Et si les Kurdes se levaient et nous demandaient de dénoncer le Général Altay Tokat comme terroriste pour sa déclaration suivante : « j’ai fait poser des bombes dans les maisons respectives du juge et du procureur de la Republique pour qu’ils restent au pas » (Aktüel, 02.07.06).

Ou encore le General Sabri Yirmibaşoğlu pour sa phrase concernant le 6 et 7 septembre (pogroms contre les chrétiens d’Istanbul) « quelle excellente organisation ce fut, n’est-ce pas ! » (F.Güllapoğlu, Tanksız Topsuz Harekat).

Le conflit ne risque-t-il pas de ne jamais prendre fin ?

Et le Général Basbug de poursuivre sur sa lancée : « Écoutez. Imaginez que nous les ayons invités et que ce soir, il se soit passé quelque chose qui aurait tué un de nos soldats. Comment pourrions-nous expliquer cela ? Vous trouvez cela logique, non ? »

Non. Je ne sais pas si le fait de ne pas avoir invité le DTP ce soir là a garanti la survie de nos soldats ou si, au contraire, il a permis le renforcement du nationalisme kurde.
A la suite de ces discussions, de jeunes soldats avaient répliqué : « il y a beaucoup de gens ici qui ont perdu leurs fils ou leurs proches à cause du PKK. Et si l’un d’entre eux s’attaquait aux membres DTP, que ferions-nous ? » (M.A. Birand, Posta,01.09.07).
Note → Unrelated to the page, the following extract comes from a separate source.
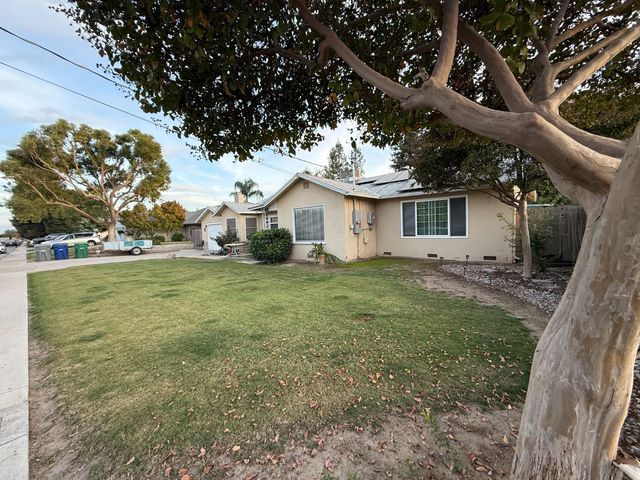 441 W Stanley Avenue, Reedley, CA 93654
Les députés du DTP ont affirmé qu’un gaz toxique aurait pu être utilisé à Şırnak (Bianet, 31.08.07). L’Armée et certains journalistes ont réagi. Pour ma part, une autre nouvelle a attiré mon attention : Zeki Bingöl, lieutenant ayant participé à l’opération « Retour à la vie », du 19.12.2000, dans la prison de Bayrampasa, a affirmé sept ans après les faits que le premier coup avait été tiré par les gendarmes et que des « bombes ressemblant à de petites balles en plastique » dont l’incendie était incontrôlable avaient été lancées dans les dortoirs (Radikal, 31.08.07). Et si cette affaire n’est éclaircie que dans sept ans ?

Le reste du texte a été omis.